At 5:19 PM, July 08, 2019, Blogger Tory Gattis said...

Lol, I tend to agree. 45 mins is a long trip from Hobby. But a $1 train ride is way cheaper than a $20 Uber, which will matter to some people happy to give up 20 mins to save $20. I think they're hoping a lot of convention center event attendees will use it to cheaply get from Hobby to their downtown hotel or GRB event.

 
At 11:58 AM, July 10, 2019, Blogger Jardinero1 said...

We need only look at Dallas, St Louis, Minneapolis, Denver, Anchorage, Orlando, Burbank, Providence, South Bend, Baltimore, Phoenix, Salt Lake to know that this does not happen. How many times do you have to run the experiment to conclude that the result will not change. The only people who ride rail to the airport are airport employees who live within two blocks of the station. That, and the occasional novelty seeker who wants to ride the train to the airport, just once. Slay this beast now, before it is born!

 
At 12:08 PM, July 10, 2019, Blogger Tory Gattis said...
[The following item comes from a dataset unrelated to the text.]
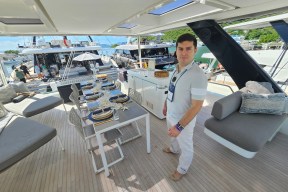 Real Yacht Image from Review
You're right - the data is there. This is where democracy breaks down. Metro polls the public, and they all ask for rail the airport hoping they won't have to pay for parking anymore, when the reality is that the vast majority won't use it.

 
At 12:25 PM, July 10, 2019, Anonymous Mike said...

Interesting economic report from GHP. Houston is basically not interesting to white people, whose metro population has grown 6% (!) since 2010, despite a major economic boom, and more than accounted for by natural increase. They are slowly moving out, apparently to Austin, judging by the number of Astros caps I've seen there in the past two years. This seems like partially white flight (now at 35% of metro population), partially dissatisfaction with quality of life ("Houston is ugly" a common sentiment), partially they just genuinely love the hill country and didn't notice it was there before. Will be interesting to see whether the metro % reaches equilibrium at around 30-35% or if it accelerates downward similar to how white people rapidly move out of a school district once they realize they're in the minority.

 
At 1:03 PM, July 10, 2019, Blogger Tory Gattis said...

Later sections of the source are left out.